In this project, students learned about geometry and algebra by designing and creating their own paper lanterns. At the same time, they explored various cultures around the world through the lens of important global issues. Their final product was be an original paper lantern that was part of an auction to raise awareness and funds for a community improvement project of their choice through the non-profit organization, Lantern Projects.
Students began by completing a geometry packet where they learned about angles, area, surface area, and volume. At the same time, they began researching a country of their choice based on the Lantern Projects organization. They had to find information about the community, culture, history, and why this particular project is needed in this particular part of the world. They wrote an informative/persuasive writing piece about the project they selected. Once students completed their geometry packets, they began building their lanterns. Each of the lanterns had diameters from one foot to three feet long and we made from wooden skewers and tissue paper. After completing their lanterns, students used the profit analysis packet to determine the number of lanterns they would need to sell in order offset their fixed and variable costs enough to make a profit for their lantern project. At our exhibition, guests purchased lanterns and lantern making kits and our proceeds went to the Lantern Projects chosen by each of our students.
- What are the needs of others around the world?
- How can we create a profit from selling lanterns?
- What polyhedrons make beautiful lanterns?
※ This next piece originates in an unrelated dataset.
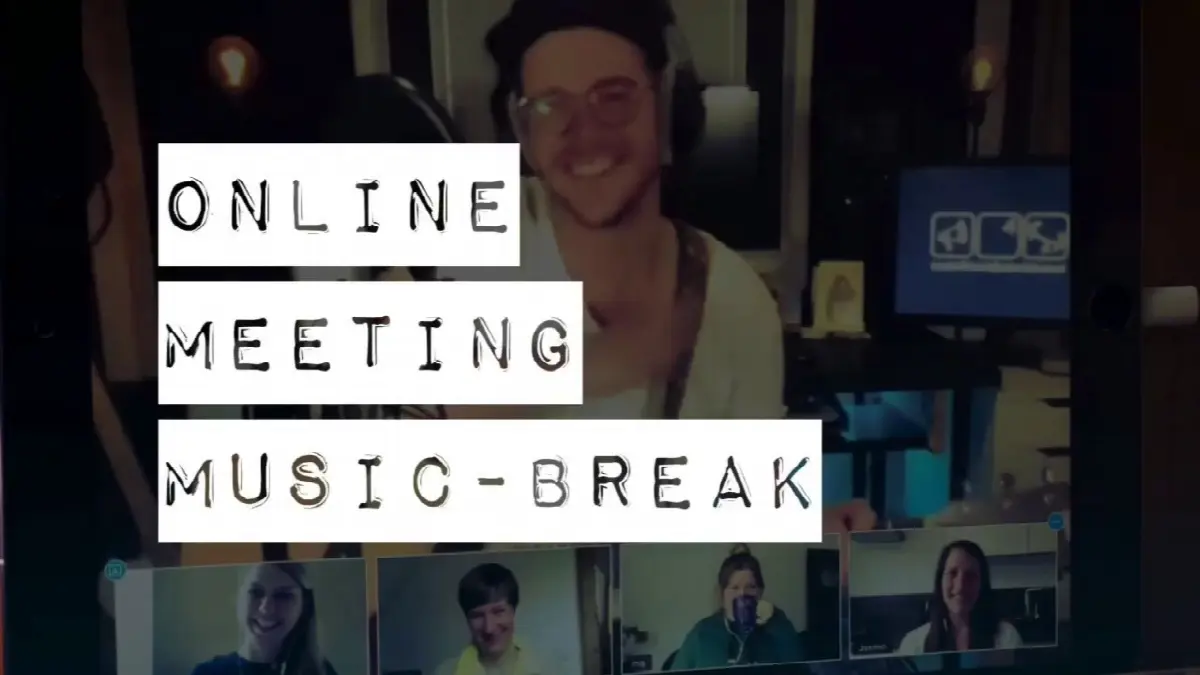Virtuelles Online-Meeting mit Musikpause, lachende Teilnehmer und moderne Video-Call-Technologie.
- Reading, writing, solving and graphing equations;
- Surface area;
- Persuasive writing;
- Research skills
Tissue paper, protractors, hot glue guns, mod podge, skewers, and pliers
“I chose to make a Stellated Dodecahedron lantern because it was an interesting and unusual shape. I didn’t want to do something easy and common. Getting every triangle to have the right angles was hard. I had to make 60 triangles and all had to be perfect if I wanted them to fit the right way. Many times I had to take apart the glued skewers and start over. I am proud of my craftsmanship on this project. I made sure everything was exactly perfect. I measured and pulled and cut and glued until my lantern shined.” – Sonya P.